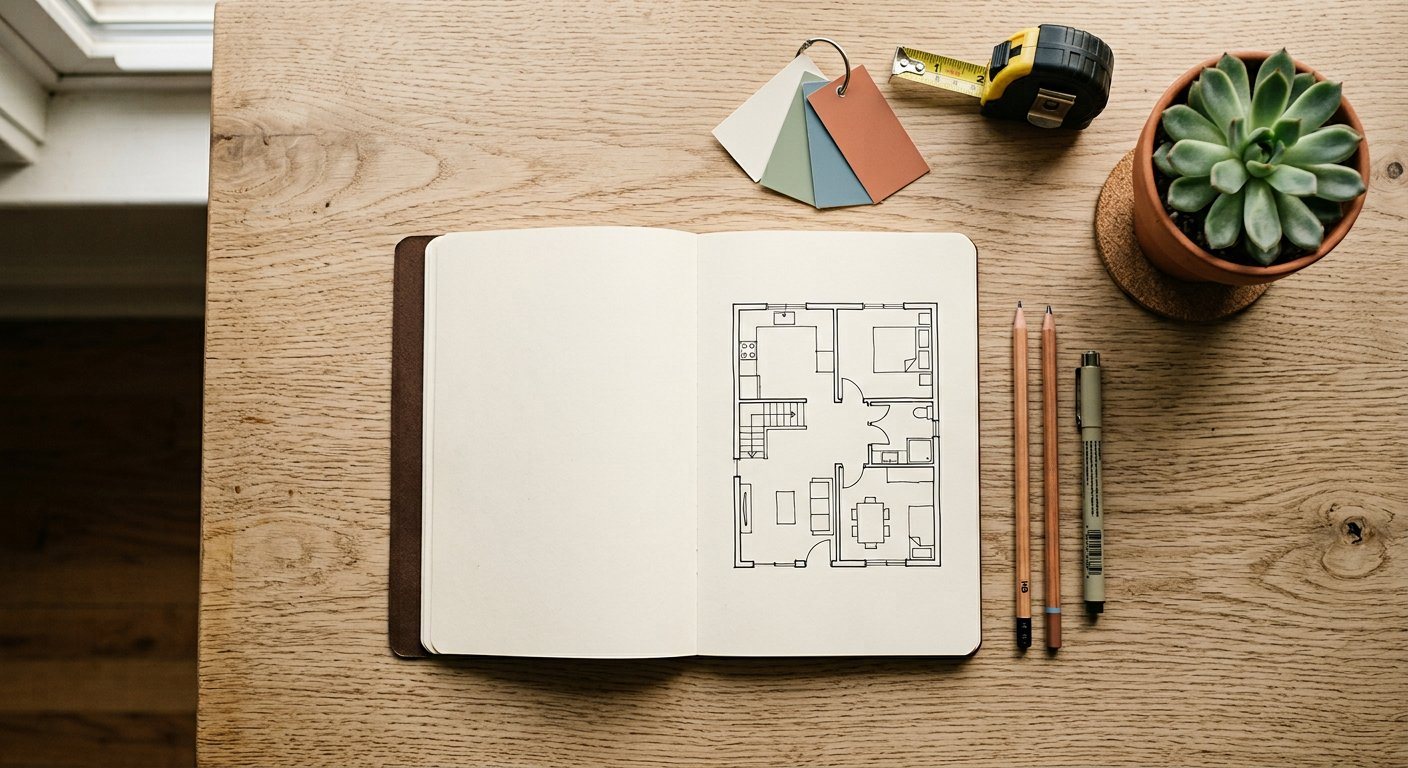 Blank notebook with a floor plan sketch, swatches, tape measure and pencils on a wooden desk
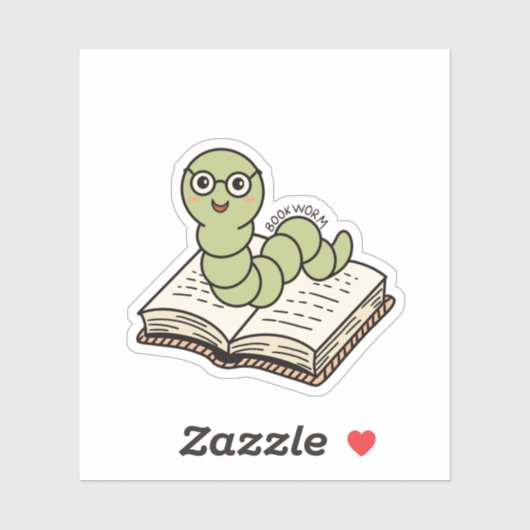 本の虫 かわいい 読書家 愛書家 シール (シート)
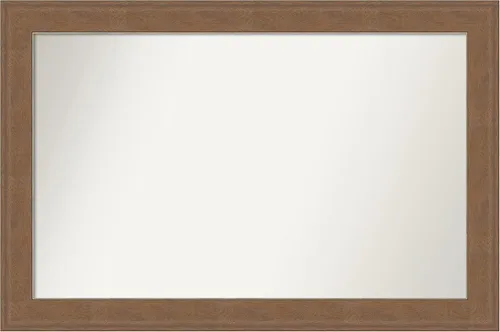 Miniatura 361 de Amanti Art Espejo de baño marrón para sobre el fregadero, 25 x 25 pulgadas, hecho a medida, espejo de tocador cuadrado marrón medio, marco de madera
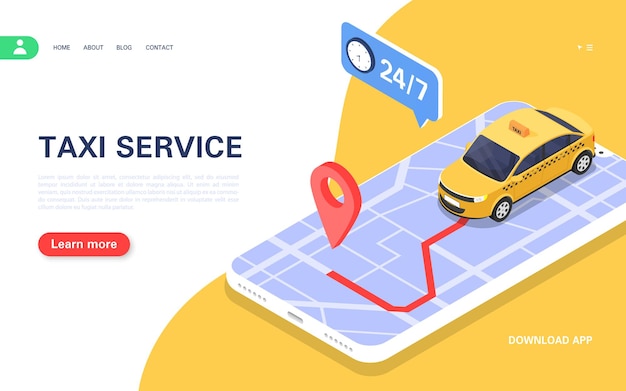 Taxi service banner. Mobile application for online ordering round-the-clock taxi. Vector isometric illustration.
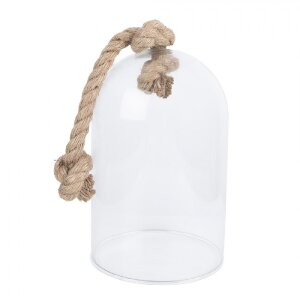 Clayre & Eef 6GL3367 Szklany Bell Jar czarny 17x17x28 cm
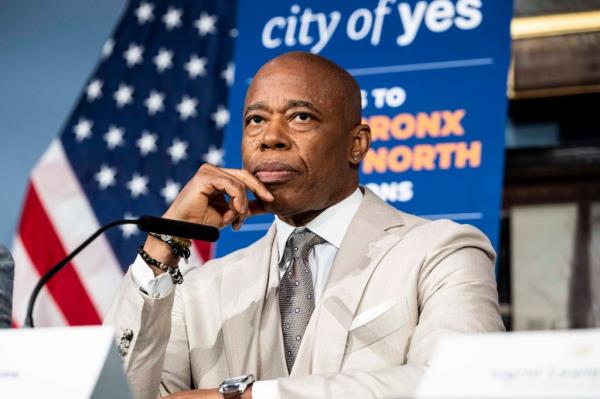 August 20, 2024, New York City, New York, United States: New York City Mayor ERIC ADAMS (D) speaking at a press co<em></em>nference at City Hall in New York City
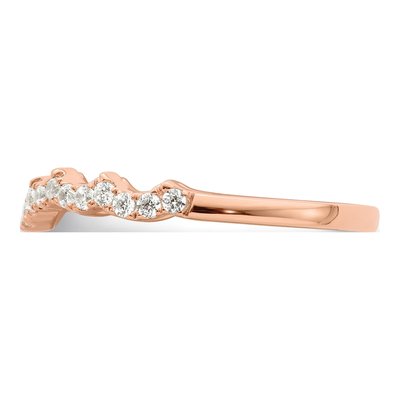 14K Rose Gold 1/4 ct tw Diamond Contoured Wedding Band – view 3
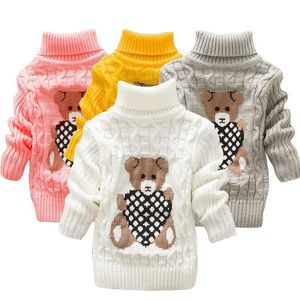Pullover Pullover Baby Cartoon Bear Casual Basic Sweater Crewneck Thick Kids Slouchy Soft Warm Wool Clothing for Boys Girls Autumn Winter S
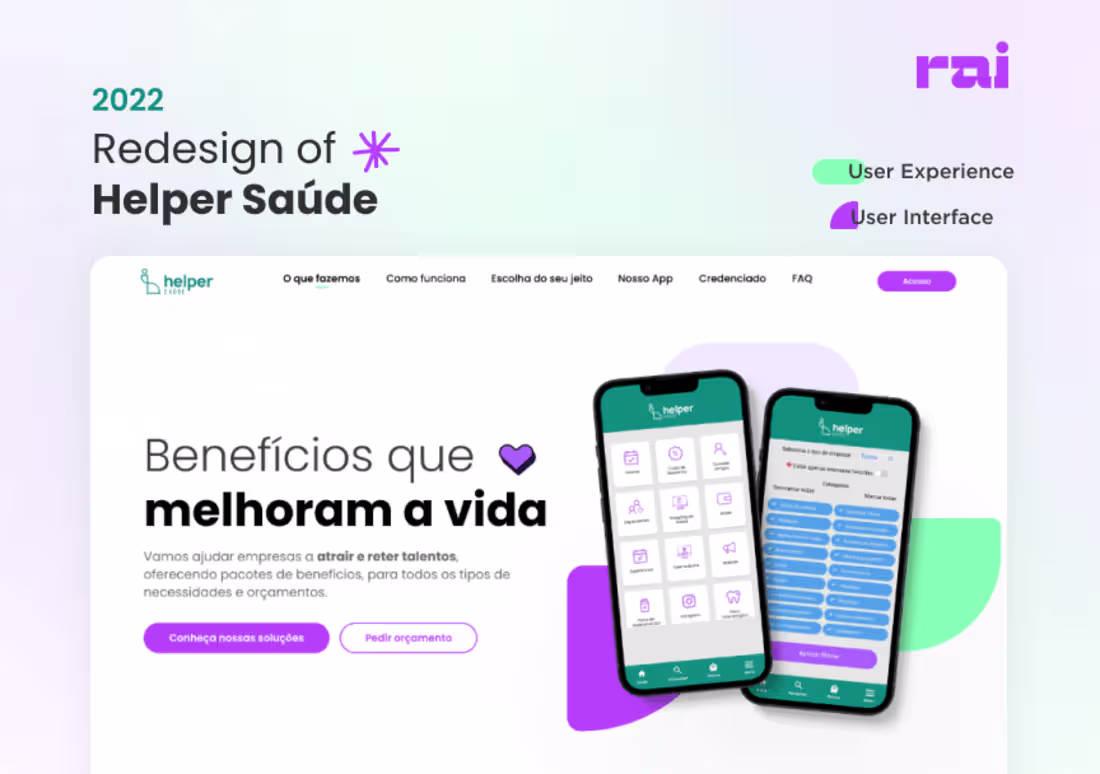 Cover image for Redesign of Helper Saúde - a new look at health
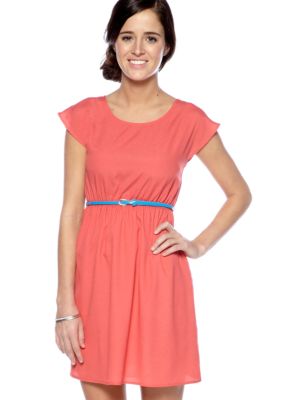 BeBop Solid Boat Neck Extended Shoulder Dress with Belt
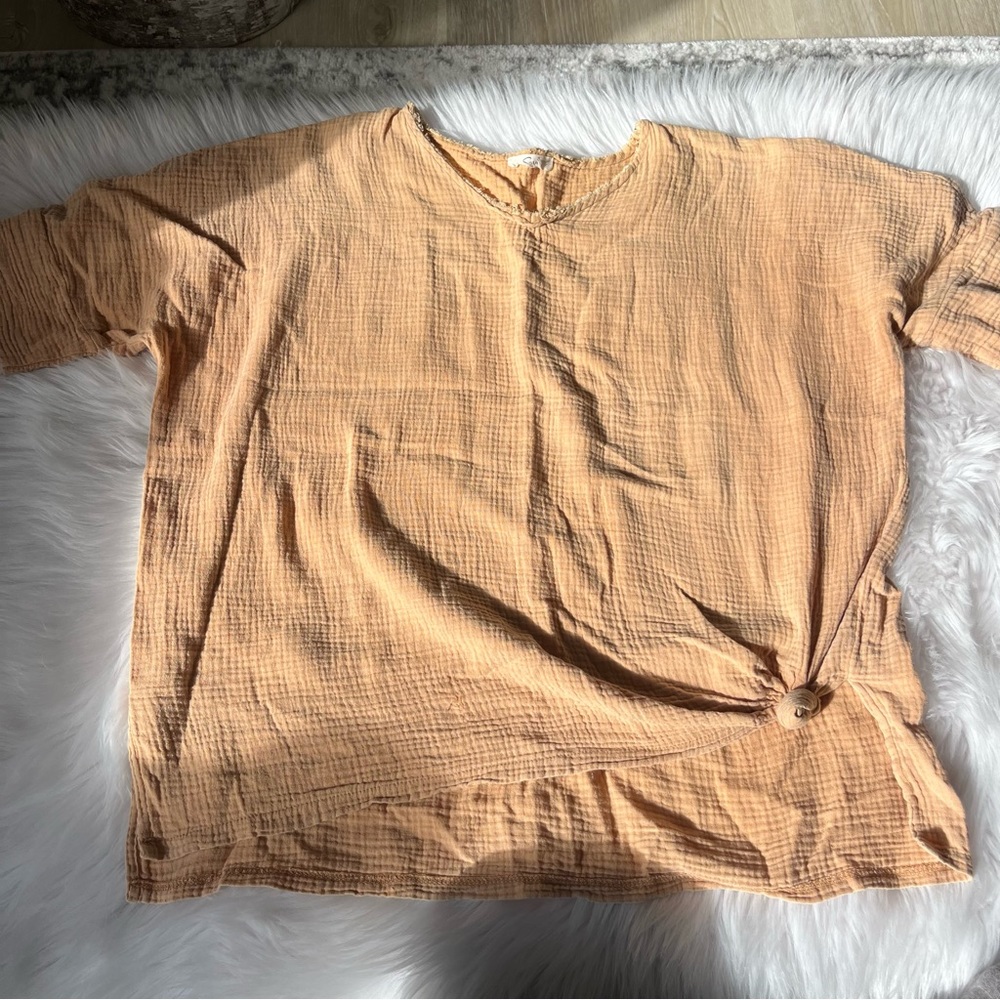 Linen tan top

PROBLEM TO WORK ON | All pictures are to be skipped. Output, word for word, the lines in the data above starting at the line containing "Miniatura 361 de" and ending at the line containing "Clayre & Eef".

RESPONSE AREA |
 Miniatura 361 de Amanti Art Espejo de baño marrón para sobre el fregadero, 25 x 25 pulgadas, hecho a medida, espejo de tocador cuadrado marrón medio, marco de madera
 Taxi service banner. Mobile application for online ordering round-the-clock taxi. Vector isometric illustration.
 Clayre & Eef 6GL3367 Szklany Bell Jar czarny 17x17x28 cm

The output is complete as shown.